So, I think to myself, "Self, you took Pascal
about 20 years ago back when RAM was measured in single digits and you said 'bless you' if someone said, 'gigahertz.' in college and absolutely hated that freaking class came out a better person because of it. This may be something you don't have time for, I mean you have 5 kids. Wake the heck up an enriching experience. And besides...Pascal...Python, they both start with Ps yeah, that's probably the only thing they have in common. You got this, man. G'head, give it a try."
I go to the Python site and read every thing I can to figure out which version would best suit me. (There's a lot to choose from, you know.) I can't find anything anywhere. It's all so confusing. Please. Someone. Give me a nudge in the right direction.
So I take a shot in the dark and go with v.2.7.
Anyway, this isn't really about Python. It's about the video I grabbed while downloading the program. I'm going to have my kids wrestle with it after break.
Download Time (Question) from David Cox on Vimeo.
I may not ever find the solution to that really difficult problem about multiples of 3 and 5, but at least I got a lesson out of it.
I used to program, but it was a while ago. I don't know python (or any of the other languages people talk about these days). When I got to a problem in Project Euler that needed some serious number crunching, I used Excel. I got though a number of problems that way.
You might be able to do the question you mentioned without any programming, though.

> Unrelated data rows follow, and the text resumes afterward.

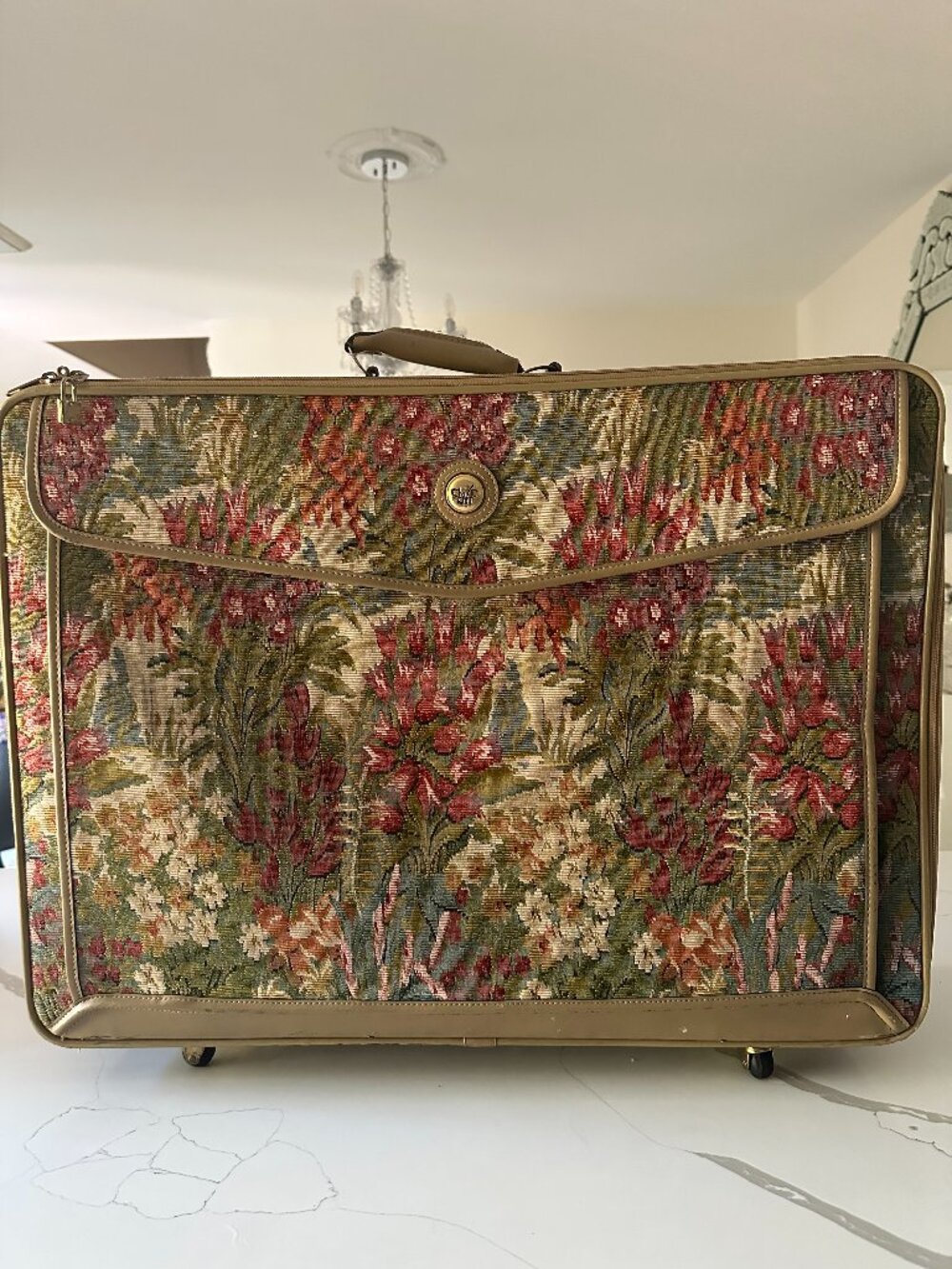 Vintage Floral Tapestry Rolling Garment Bag Suitcase | 80s Travel Luggage | Boho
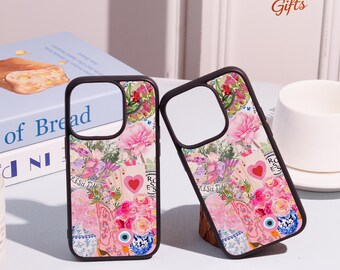 Luxury Floral Collage For iPhone 17 Pro Max/Air,iPhone 16 15 14 13 11 Pro Max Plus,13 12 Mini,Personalized Case,Custom Name Phone Case Cover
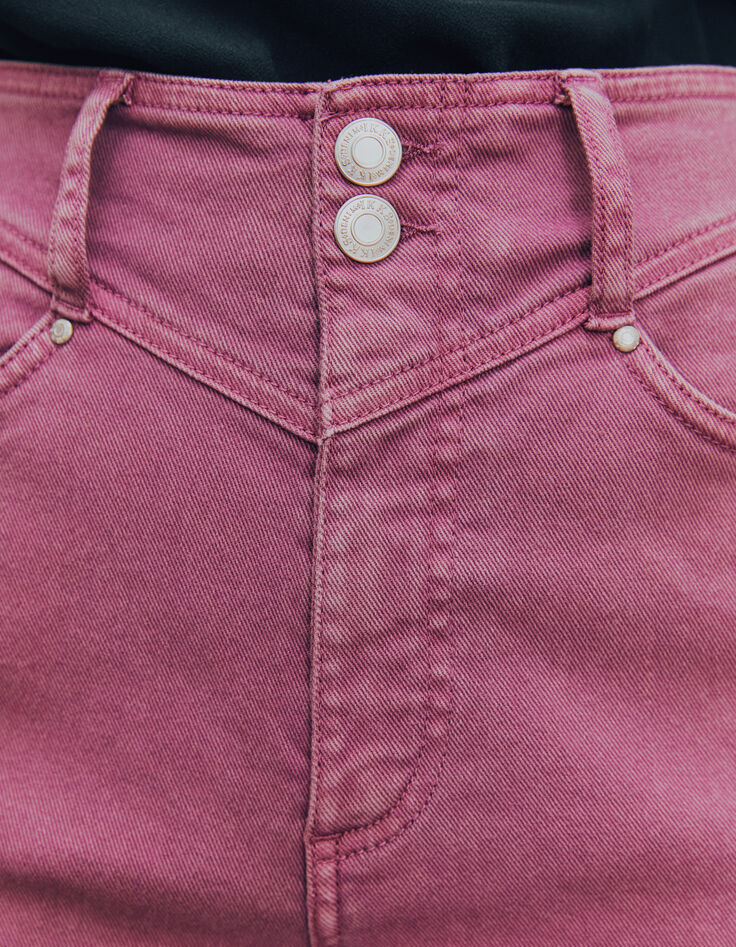 Hibiscuskleurige slouchy biojeans mid waist cropped dames-4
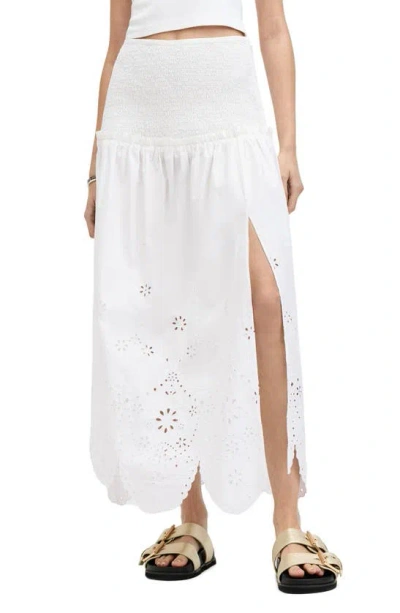 Allsaints Alex Cotton Eyelet Scalloped Maxi Skirt In Off White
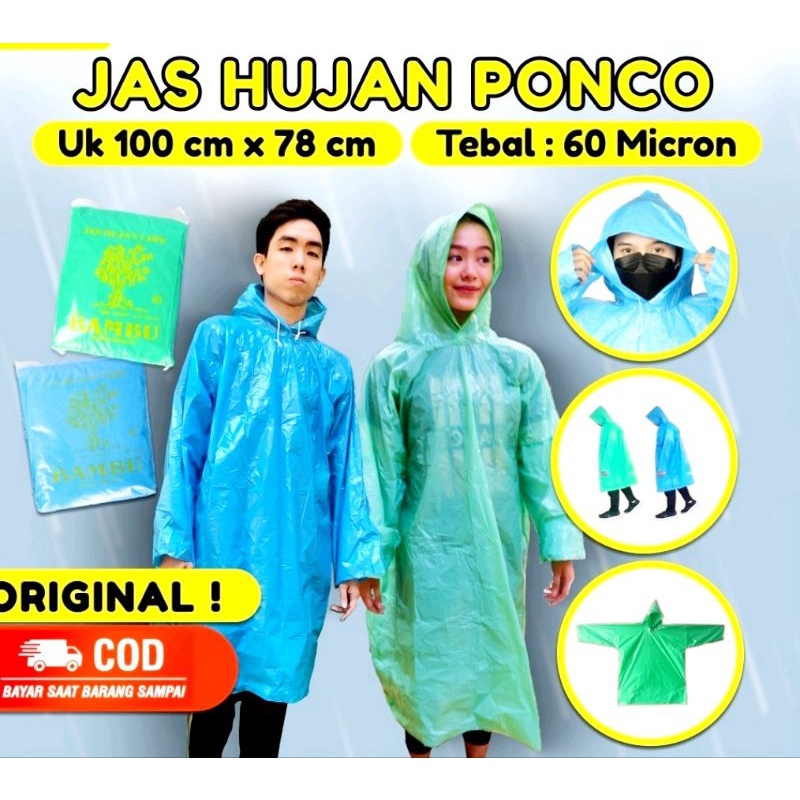 Jual Jas Hujan Plastik Ponco Lengan Kepala Raincoat Ponco Lengan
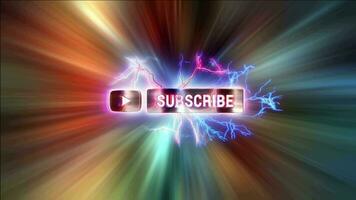 Subscribe pink neon 3D text abstract sci fi word video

Great example. The progress bar brought up another idea. I've been thinking how in most Algebra I curricula I've seen functions are introduced but then sort of dropped with no real reason for their use other than the f(x) notation. I've been thinking that introducing the need for composition of functions taking an idea from programming a progress bar might be useful.
As you know, much of what happens in code is transforming one piece of data to another using a series of logical blocks. In the case of the progress bar, you could model the entire thing using mathematical functions.
Consider the mapping from the byte downloaded : total bytes ratio to the length of the progress bar. There is the decimal of that calculation, it's transformation into a percentage, the mapping of that percentage onto a graphical bar whose length may not be a nice number, and maybe the transformation of the location of the bar to it's location in the window. Each of these steps could be modeled in a different mathematical function, whose composition would give the location of the end of the current progress.
(For a vertical progress bar which goes up as progress occurs, you could toss in the idea that for computer screens 0,0 is generally the left,top and y increases downward, so the progress needs a function to flip it.)
None of these transformations is all that difficult in themselves, and having the graphical representation gives concreteness to the example.
I wasn't getting the point - why would the progress bar be a good classroom topic? But I like what you suggest Pete. I want to focus on functions when I teach Intermediate Algebra next semester.
David, is this the sort of thing you had in mind, or do you have other directions you want to take this?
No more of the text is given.